The Short Answer
The name you list does correspond to the first compound shown under the naming scheme you were given for the second compound, however last I checked the IUPAC scheme recommends "N,N-dimethyl-2-propanamine" not "N,N-dimethylamine-2-propane" if you want to be really strict about it.
A More Realistic Look at Naming
Putting all that aside, you'll not often see simple substituted amines referred to this way by chemists. IUPAC naming in general is useful for unambiguously naming large, tricky compounds but for smaller garden-variety ones it's often seen as unnecessarily cumbersome.
The IUPAC scheme names amines in reference to the longest carbon chain (e.g. "N,N-dimethyl-2-propanamine"). The more common scheme for amines with relatively simple substituents is to name them in reference to the amine group instead (e.g. "dimethyl isopropyl amine").

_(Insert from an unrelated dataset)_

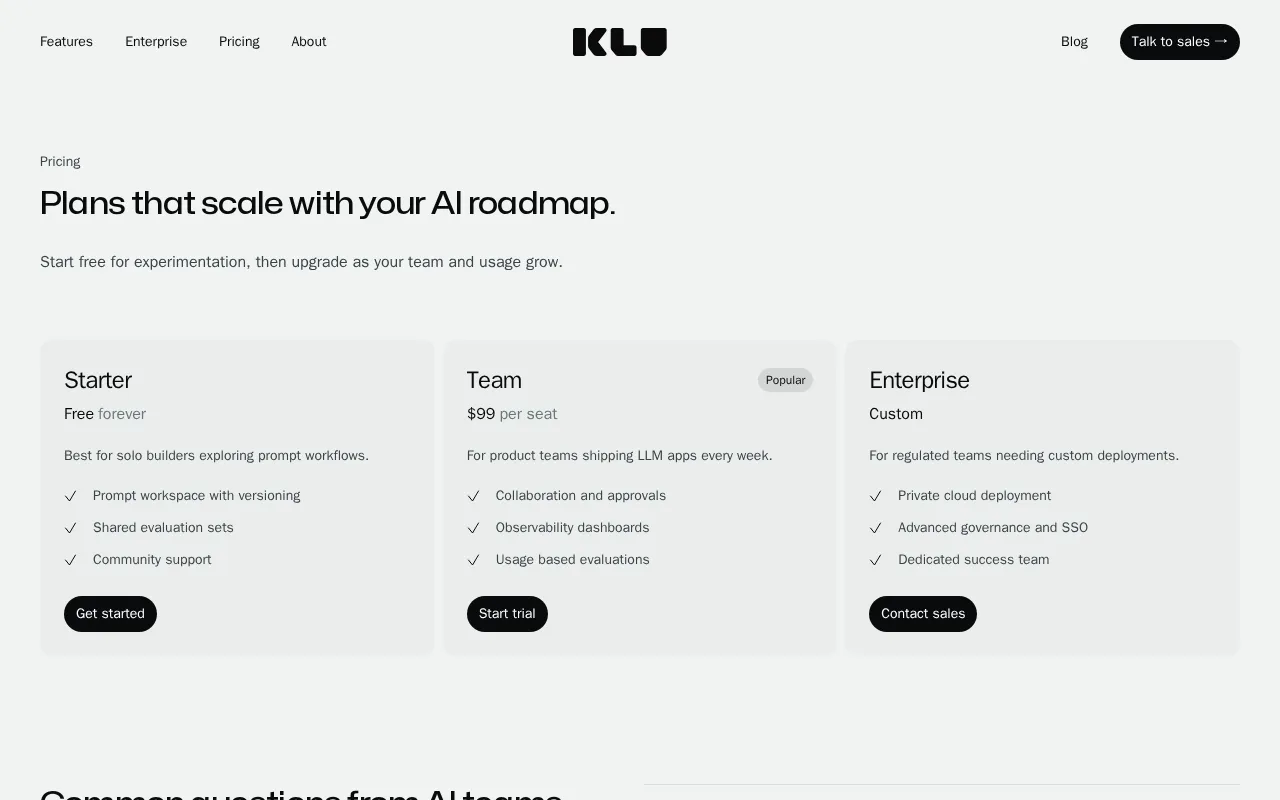 Klu.ai Public Beta — pricing page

This is similar to the common-name schemes for most other rotationally symmetric functional groups. In general, they're formatted:
[substituents, alphabetical if you're a pedant] followed by [type of compound]
For example, the compound consisting of a methyl group and an ethyl group attached to an ether, ketone, or sulfide would be called "methyl ethyl ether", "methyl ethyl ketone", or "methyl ethyl sulfide" respectively.
Finally returning to the example you've given, the first compound would most commonly be referred to as "methyl tert-butyl amine" and the second compound would be called "dimethyl isopropyl amine".